In this scenario, for simplicity, a single transfer agent manages both issuance and custody functions, which could represent the role of a global investment bank operating in capital markets. The architecture also illustrates how asset ownership records on a distributed ledger can be seamlessly integrated with traditional order systems within the enterprise’s core infrastructure.
For the purposes of this article and simplicity, we focus on the workflows of issuance, transfer, and redemption:
- Issuance – The process starts with issuing a new token to an identified potential owner, which involves verifying the customer for KYC (Know Your Customer) and AML (Anti-Money Laundering), setting the market price of the commodity, placing an order, and minting a new token to represent the new owner’s stake in the asset.
- Transfer – The ownership of the asset is passed from one owner to another, where both parties are known and validated by the issuer and the platform. The actual transfer occurs via smart contracts on the distributed ledger, with corresponding “off-ledger” records being updated following the confirmation of the ledger transaction.
- Redemption – To redeem their tokens, the holder starts a redemption transaction on the blockchain network, instructing the token issuer or a designated redemption mechanism to exchange the tokens for the underlying asset or service. Once redeemed, the tokens are typically removed from circulation or retired from the blockchain, using methods such as token burning.

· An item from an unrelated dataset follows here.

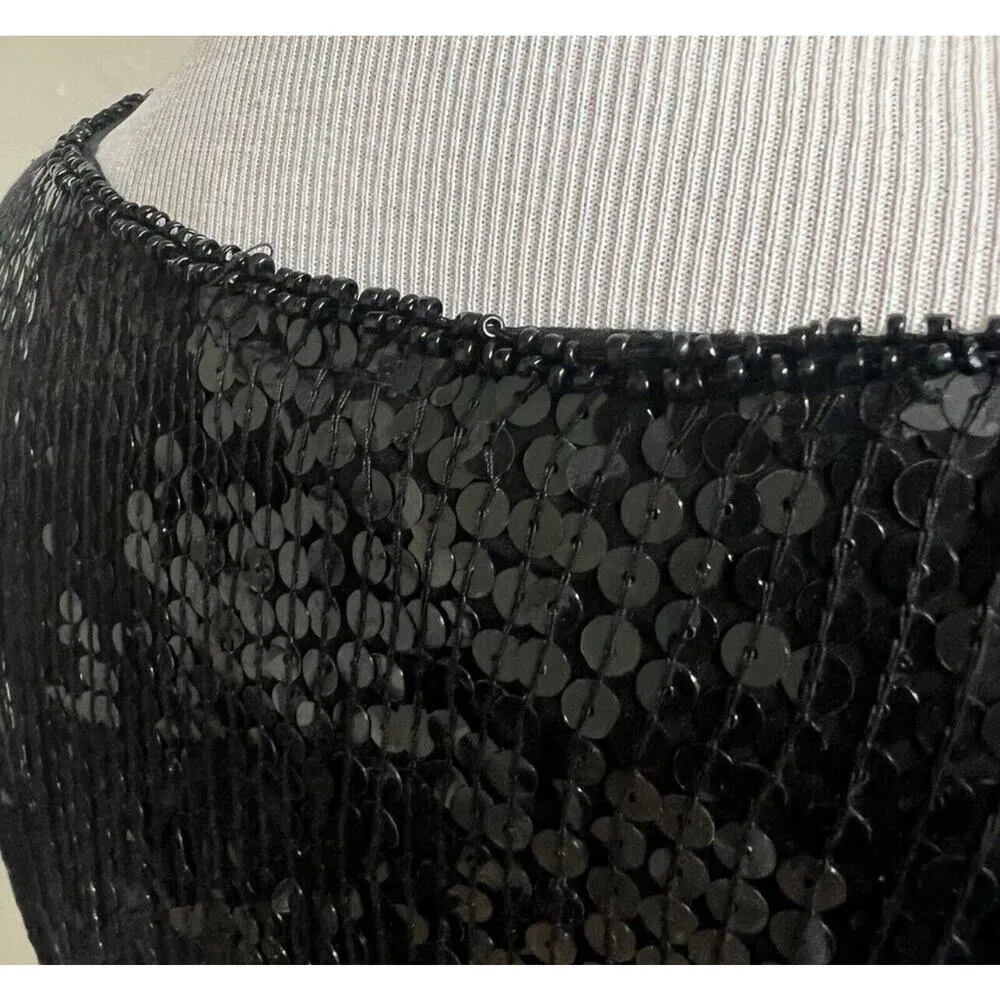 Vintage Joseph Le Bon 100% Black Sequin Top Short Sleeve Party Cocktail Size M Size M - Image 11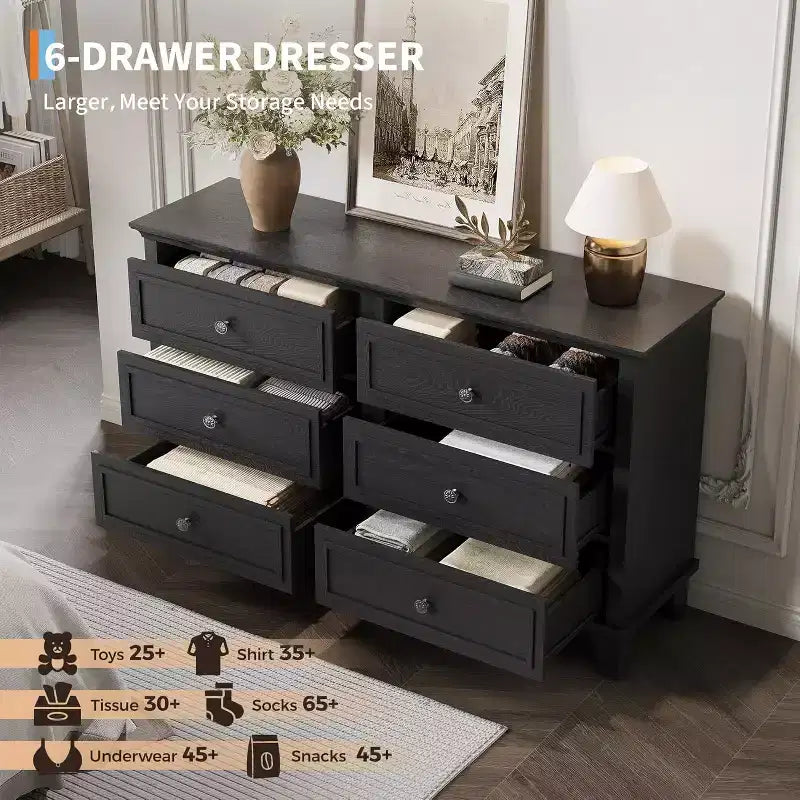 Comò e porta TV rustico a 6 cassetti – Comò doppio ampio con maniglie vintage, legno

Solution Architecture Overview
The following diagram illustrates a conceptual solution architecture that spans on-premises applications, AWS applications, and the Fireblocks platform. While only key functional aspects relevant to the core tokenization workflows of issuance, transfer, and redemption are highlighted, this architecture can be expanded to accommodate various other workflows. General infrastructure considerations such as high availability and disaster recovery, although crucial, are not elaborated upon in detail in this post. For more information on those topics, refer to the AWS Well-Architected Framework.
This solution architecture supports two primary functional workflows:
- Tokenization request flow: Deals with requests to perform a tokenization action.
- Tokenization response flow: Handles responses from executing the requested action.
These two workflows are described in detail in the subsequent sections, with references to the corresponding number icons on the architecture diagram.
The solution is crafted to accommodate a wide range of tokenization action requests initiated by existing mission-critical systems, such as order systems, liquidity feeds, KYC/AML, and regulatory reporting systems.